§ **Goal of the exercise**
Make an exact copy of the records, leaving out the images.

*** Exercise input ***

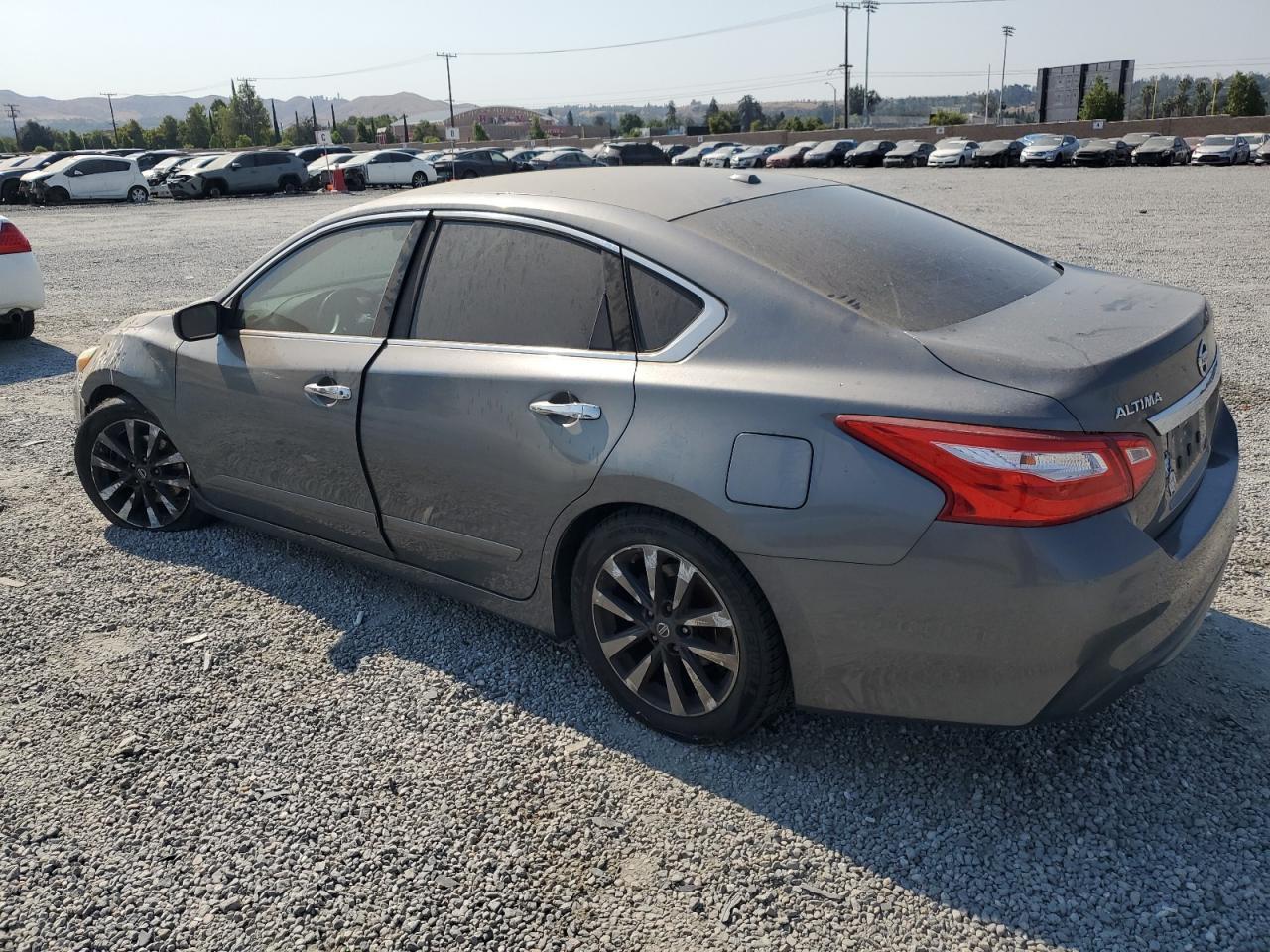 2016 Nissan Altima 2.5 - Image 2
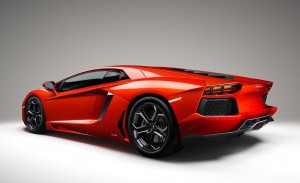 Lamborghini-Aventador-LP700-2013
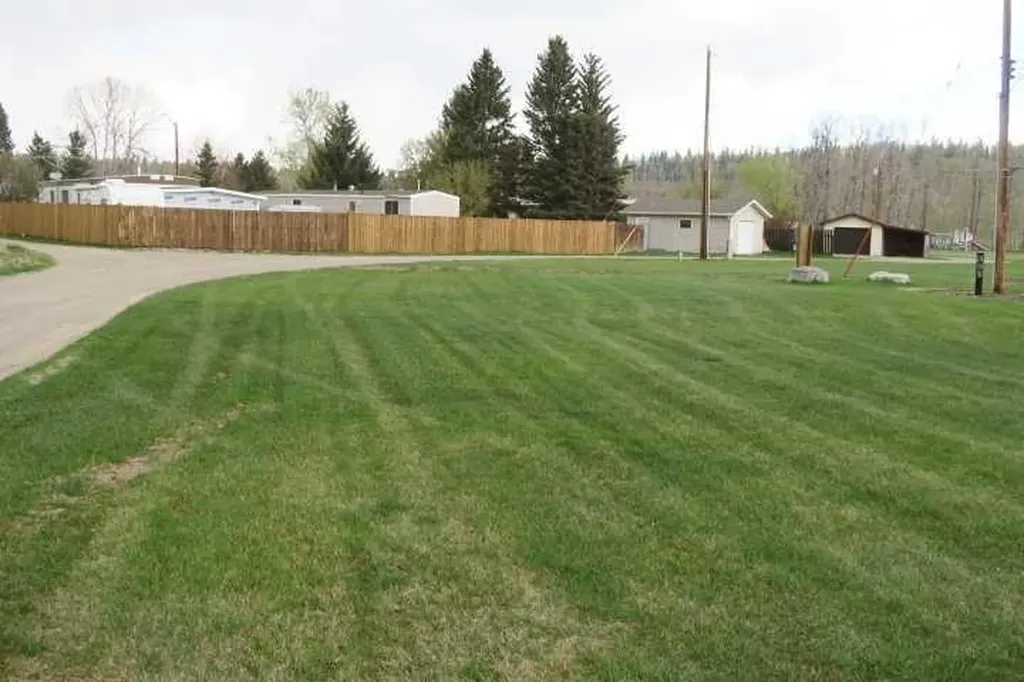 207 4 Street NW Sundre AB T0M 1X0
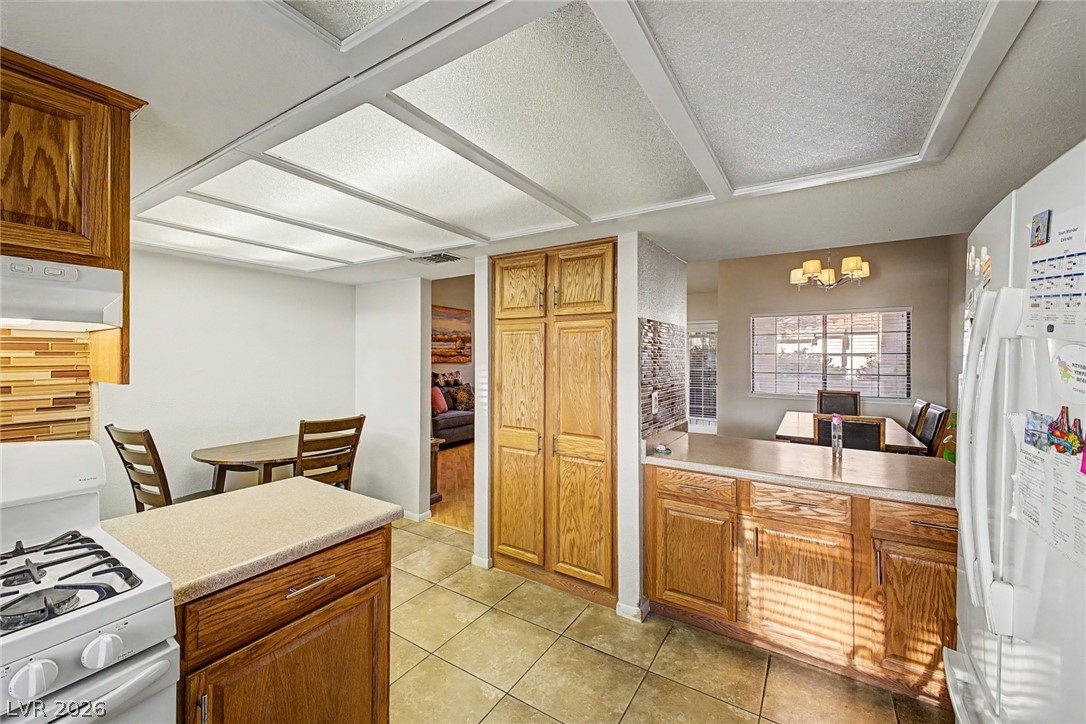 Photo 27 of 67, 3127 La Mancha Way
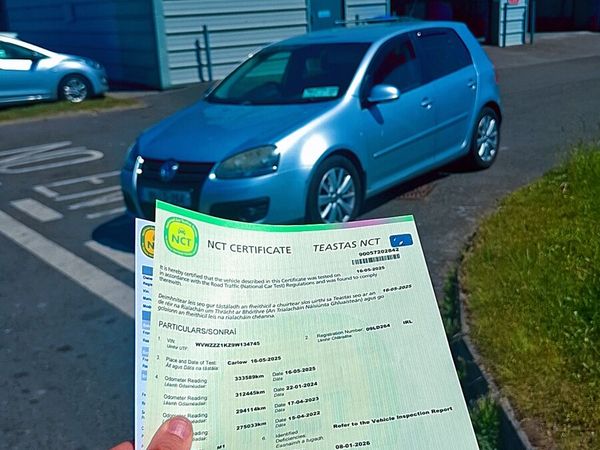 Volkswagen Golf Hatchback, Diesel, 2009, Silver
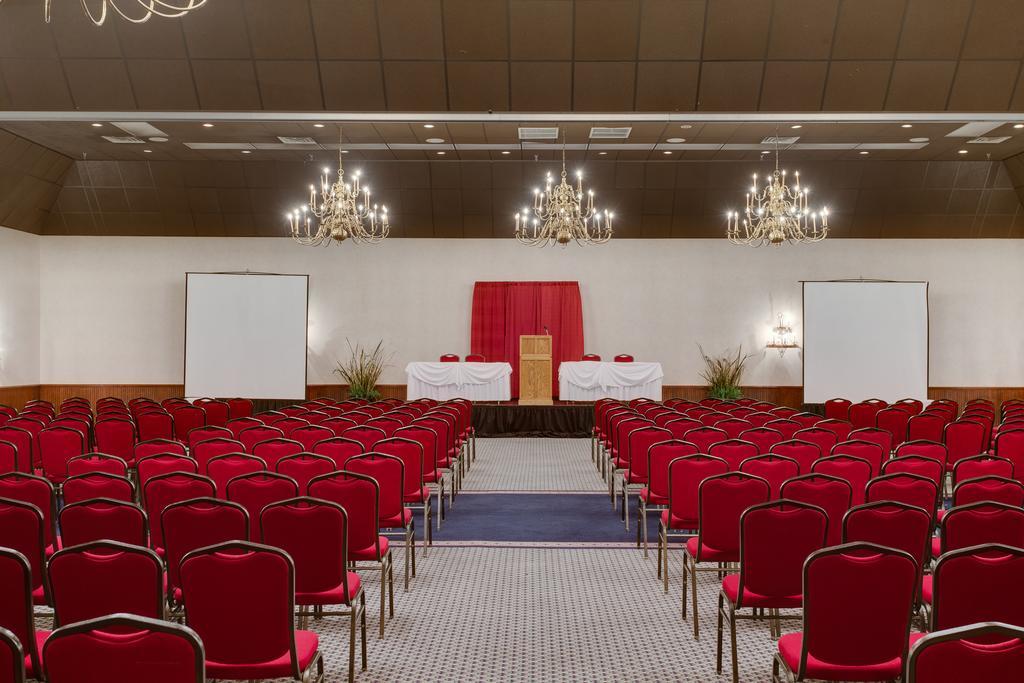 Y O Ranch Hotel And Conference Center Кервилл Экстерьер фото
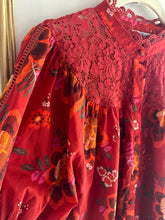 Load image into Gallery viewer, M - Lace Floral Puff Sleeve Blouse
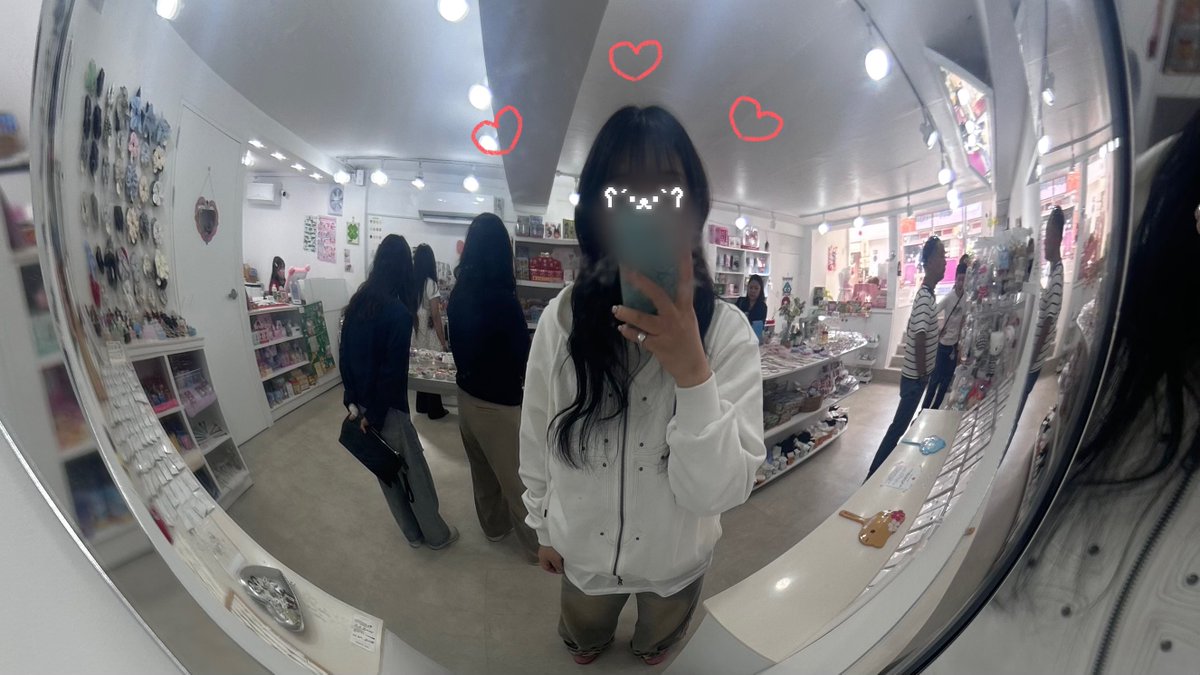 ꩜ tweet media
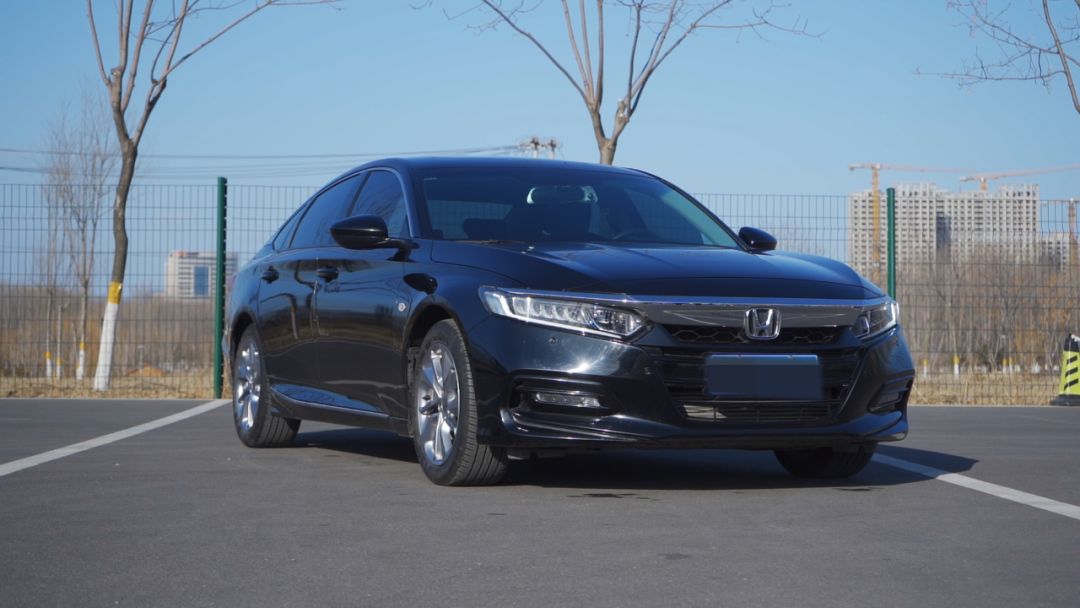 本田雅阁:15万买辆佛系车,性价比里称大哥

*** End of Exercise input ***

§ **Task response**
 2016 Nissan Altima 2.5 - Image 2
 Lamborghini-Aventador-LP700-2013
 207 4 Street NW Sundre AB T0M 1X0
 Photo 27 of 67, 3127 La Mancha Way
 Volkswagen Golf Hatchback, Diesel, 2009, Silver
 Y O Ranch Hotel And Conference Center Кервилл Экстерьер фото
 Load image into Gallery viewer, M - Lace Floral Puff Sleeve Blouse
 ꩜ tweet media
 本田雅阁:15万买辆佛系车,性价比里称大哥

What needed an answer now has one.